The correct URL apparently is:

[http://www.cs.utah.edu/flux/oskit/](http://www.cs.utah.edu/flux/oskit/)

------
rnd0
1997? The OSKit is old enough to go out and drink beer now, yikes.

They stopped development on it shortly after this, didn't they? Like within 4
years? It's easy to see why, given changes in the codebases that they pulled
from (Linux, NetBSD, FreeBSD) to support newer hardware.

It's been over 15 years but the impression I have is that the complexity and
need for "glue" makes OSKit impractical for learning,and the dated nature of
the drivers makes it impractical for cherry picking.

I wonder if we have anyone from the osdev community/forums here interested in
commenting. It seems like the kind of thing they'd be very disapproving of[1].

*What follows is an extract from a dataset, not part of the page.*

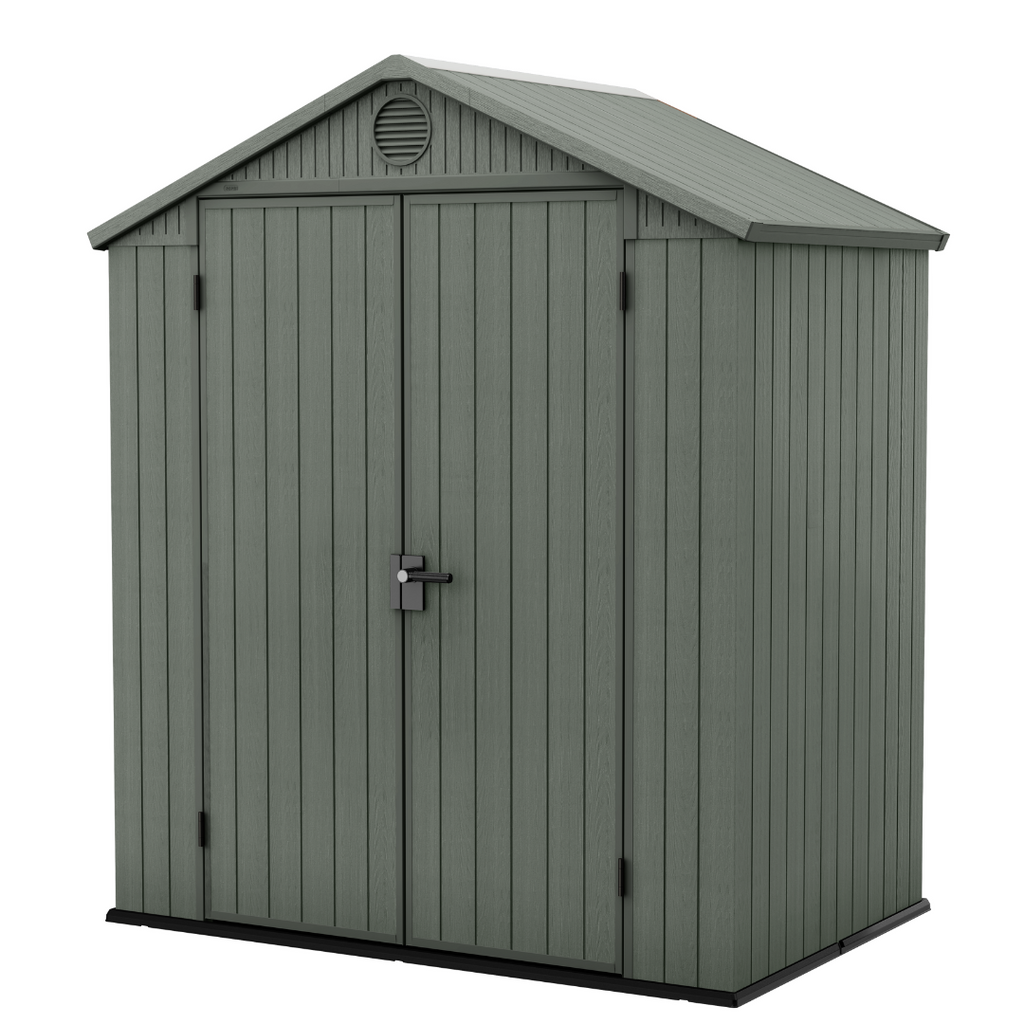 Wood-Effect Resin Garden Shed 1.9 x 1.2 m (6 x 4 ft) with Floor - Green - image 1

[1][https://wiki.osdev.org/Duct_von_Tape](https://wiki.osdev.org/Duct_von_Tape)

------
adamnemecek
Reminds me of genode

[https://genode.org](https://genode.org)

[https://en.m.wikipedia.org/wiki/Genode](https://en.m.wikipedia.org/wiki/Genode)

------
troglobit
Wow, I have fond memories from when we tried porting GNU/Hurd to this. Good
times!
[https://www.gnu.org/software/hurd/microkernel/mach/history.h...](https://www.gnu.org/software/hurd/microkernel/mach/history.html)

------
snaky
> We built our system, called ML/OS, by porting the Standard ML of New Jersey
> (SML/NJ) implementation [6] to run on a PC using the OSKit. SML/NJ is a
> complex, Unix-based system comprising about 144,000 lines of code, in over
> 1000 source files. The run-time model used by SML/NJ is fairly exotic - for
> example, the system runs completely without a stack, using instead very
> aggressive heap-allocation and garbage-collection techniques to manage
> procedure frames.